Status: In Progress
A cluster service with a REST API that provides correlated data to clients that need correlated data (console components or CLI tools)
- Accepts correlation context as query
- Applies correlation rules to form queries to multiple back-ends; signal stores and cluster APIs.
- Returns queries to caller, caller executes.
The API must:
- Define a correlation context, including:
- time window
- related resources
- alert and metric types
- desired result type(s) - signals, resources
- should be extensible to handle additional context data types
- Define result format(s).
- Results must use streams and/or iterators for high-volume results (logs, traces)
- See open questions on result format.
A uniform data model may be a long term goal, but currently we have (at least) these distinct data models:
- Open Telemetry - used by tracing, candidate for eventual unified model.
- Viaq] - used by logging.
- Openshift/K8s/Prometheus - used by alerts/metrics - no formal spec I'm aware of but there are strong conventions used to name metrics and metric labels labels in k8s and openshift, based on the Prometheus style.
We need dictionaries to translate between these data models so we can
- formulate native queries for each back-end.
- normalize results returned from each back-end.
The engine should start small but be able to grow by adding:
- New back-ends (initially Loki, Prometheus, Jaeger, K8s events and resources)
- New correlation rules; ways to handle specific types of context more accurately.
- New data model dictionaries.
Extensions may be static code, plug-ins, declarative data or some combination.
Whatever the form, the engine must have clear extension points.
Rely on 3rd party tools to develop to meet our customers correlation needs.
This Epic is complete when we have a correlation engine as described above that is sufficient to be released as GA.
The engine will be built so that we can have multiple "checkpoint" releases, either internally or for customer preview.
We will refine our idea ofwhat "GA ready" means by experimenting and getting feedback on those checkpoints.
Risk: Ambitious, risks getting bogged down.
Remedy: start small and grow
- Small minimum feature set for initial preview, grow incrementally.
- GA when preview feedback indicates we have "enough".
- Keep growing in following releases.
Risk: Correlation results are not statifactory.
Remedy: Early investigation suggests we can produce valuable correlations.
No way to be sure till we try it.
Risk: Can't compete/keep up with 3rd party tools on advanced features.
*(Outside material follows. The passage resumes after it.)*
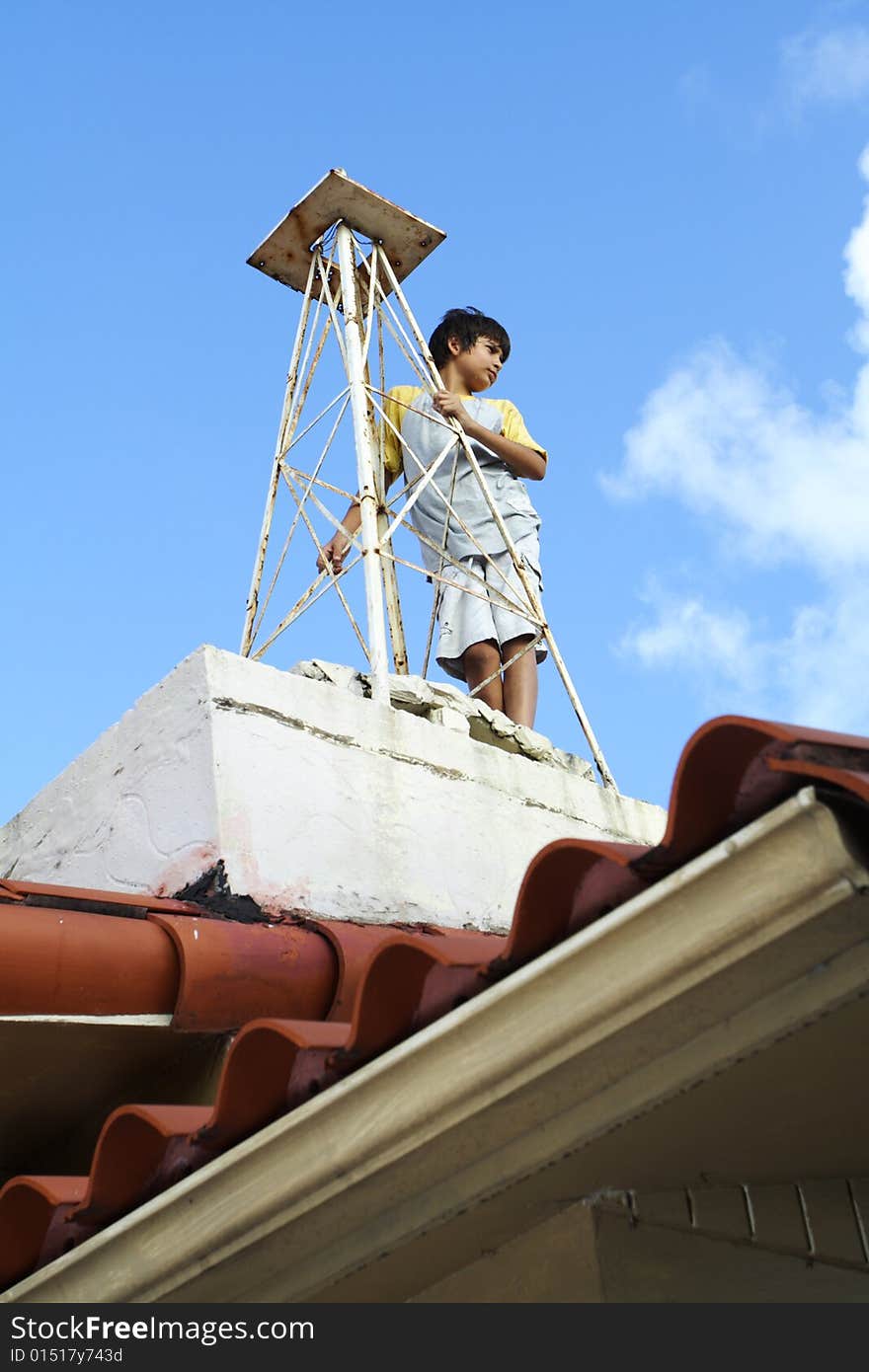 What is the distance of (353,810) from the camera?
414 cm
Remedy: See LOG-1779 Value Proposition
Documentation of (or self-documenting) console components for console-based use.
Documentation of query language, result formats etc. for CLI-based use if we decide to support that.
Should results be:
- normalized to a single consistent format and data model? (Open Telemetry?)
- returned in native form for each signal type?
- allow both based on user preference:
- New users likely to prefer consistent output.
- Existing users have their own tools/queries based on existing data models.